Temper tantrum adalah suatu kondisi emosional yang umum dialami oleh anak-anak usia 1-4 tahun, terjadi pada anak-anak yang belum mampu menggunakan kata-kata untuk mengekspresikan rasa frustrasi mereka akibat tidak terpenuhinya keinginan mereka, atau hanya sekedar ingin untuk mendapatkan perhatian dari orang tuanya saja. Anak temper tantrum adalah anak yang marah secara berlebihan. Kebiasaan mengamuk akan lebih sering dilakukan bila anak mengetahui bahwa dengan cara ini keinginanya akan dipenuhi. Semakin sering anak temper tantrum, semakin tinggi kecendrungannya untuk kembali memanfaatkan tantrum ketika dia perlu berkomunikasi, mengeluh atau melampiaskan energi dan emosinya.

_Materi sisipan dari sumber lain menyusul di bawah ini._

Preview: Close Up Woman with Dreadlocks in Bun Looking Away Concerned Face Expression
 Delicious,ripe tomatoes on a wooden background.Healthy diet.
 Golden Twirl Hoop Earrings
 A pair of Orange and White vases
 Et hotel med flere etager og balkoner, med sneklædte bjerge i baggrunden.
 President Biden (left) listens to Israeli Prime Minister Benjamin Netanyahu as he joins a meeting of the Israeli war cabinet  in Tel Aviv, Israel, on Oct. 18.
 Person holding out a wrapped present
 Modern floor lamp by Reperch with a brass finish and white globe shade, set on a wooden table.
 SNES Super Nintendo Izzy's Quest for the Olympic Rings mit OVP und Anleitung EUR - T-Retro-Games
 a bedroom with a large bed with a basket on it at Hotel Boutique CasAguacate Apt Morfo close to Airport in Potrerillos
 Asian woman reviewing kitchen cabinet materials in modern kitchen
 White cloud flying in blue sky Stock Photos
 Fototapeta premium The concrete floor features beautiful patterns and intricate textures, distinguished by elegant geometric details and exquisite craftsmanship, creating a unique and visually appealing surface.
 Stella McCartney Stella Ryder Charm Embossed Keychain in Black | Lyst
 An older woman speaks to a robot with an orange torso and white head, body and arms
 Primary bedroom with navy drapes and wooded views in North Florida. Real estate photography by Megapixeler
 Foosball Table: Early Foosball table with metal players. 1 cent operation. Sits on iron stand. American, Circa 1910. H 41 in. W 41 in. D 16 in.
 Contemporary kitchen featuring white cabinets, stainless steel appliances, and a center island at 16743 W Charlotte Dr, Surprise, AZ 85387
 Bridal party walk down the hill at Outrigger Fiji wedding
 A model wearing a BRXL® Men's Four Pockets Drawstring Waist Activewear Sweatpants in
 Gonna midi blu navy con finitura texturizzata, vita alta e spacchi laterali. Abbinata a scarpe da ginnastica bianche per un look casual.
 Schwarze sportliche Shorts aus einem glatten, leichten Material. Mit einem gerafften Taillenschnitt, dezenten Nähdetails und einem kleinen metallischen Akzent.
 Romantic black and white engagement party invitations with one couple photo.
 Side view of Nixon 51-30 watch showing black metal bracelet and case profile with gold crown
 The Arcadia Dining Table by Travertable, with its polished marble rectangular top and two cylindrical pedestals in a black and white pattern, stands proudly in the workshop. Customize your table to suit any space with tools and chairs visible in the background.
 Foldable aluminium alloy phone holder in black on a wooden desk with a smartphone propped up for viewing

Temper tantrum adalah salah satu dari sekian banyak kelainan pada kebiasaan-kebiasaan anak, sebagai suatu usaha untuk memaksakan kehendaknya pada orang tua, yang biasanya tampak dalam bentuk menjerit-jerit, berteriak dan menangis sekeras-kerasnya, berguling-guling di lantai dan sebagainya (Kartono, 1991: 13).
Menurut Hurlock (1998: 115) temper tantrum adalah ledakan amarah yang kuat, ketakutan yang hebat dan iri hati yang tidak masuk akal. Hal ini tampak mencolok pada anak-anak usia 2,5 sampai 3,5 dan 5,5 sampai 6,5 tahun. Ledakan amarah mencapai puncaknya antara usia dua dan empat tahun, setelah itu amarah berlangsung tidak terlampau lama. Sementara menurut Chaplin (2009:502) temper tantrum merupakan suatu ledakan emosi yang kuat sekali, disertai rasa marah, serangan agresif, ,menangis, menjerit-jerit, menghentak-hentakkan kedua kaki dan tangan pada lantai atau tanah.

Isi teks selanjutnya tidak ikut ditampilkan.